Gregory A. Petsko is the Arthur J. Mahon Professor of Neurology and Neuroscience at Weill Cornell Medical College in New York City, and former Director of the Helen and Robert Appel Alzheimer's Disease Research Institute.  He also holds appointments as Professor of Biomedical Engineering at Cornell University, Adjunct Professor of Neurology at Harvard Medical School and Tauber Professor of Biochemistry and Chemistry, Emeritus, at Brandeis University.  He has been elected to the National Academy of Sciences, the National Academy of Medicine, the American Academy of Arts and Sciences, and the American Philosophical Society.  He is Past-President of the American Society for Biochemistry and Molecular Biology and of the International Union of Biochemistry and Molecular Biology.  He has founded several publicly traded companies and serves on numerous advisory boards.  His awards include the Max Planck Prize and the Lynen Medal.  In January 2019 he will become Professor of Neurology and member of the Ann Romney Center for Neurologic Diseases at Harvard Medical School and Brigham & Women's Hospital in Boston. 

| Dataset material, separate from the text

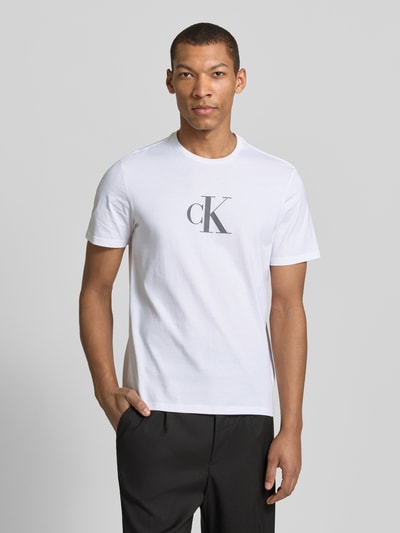 Männermodel trägt T-Shirt mit Rundhalsausschnitt und Logo von CK Calvin Klein aus reiner Baumwolle, Regular-Fit, weiß, Logo-Print, Nahaufnahme Oberkörper. Rückenlänge bei Größe M: 70 cm.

The research interests of his group, which operates jointly with the group of Brandeis University Professor Dagmar Ringe, include protein structure and function and the development of methods to treat age related neurodegenerative diseases, including ALS (Lou Gehrig's), Alzheimer's and Parkinson's diseases, the tauopathies, and frontotemporal dementias.  His public lectures on the aging of the population and its implications for human health have attracted a wide audience on the internet (one of his TED talks, for example has been viewed over 900,000 times).  For the past twelve years he has also written a widely-read and much reprinted column on science and society, the first ten years of which have just appeared in book form.  He admits, however, that the columns guest written by his two dogs, Mink and Clifford, are much more popular than those he writes himself.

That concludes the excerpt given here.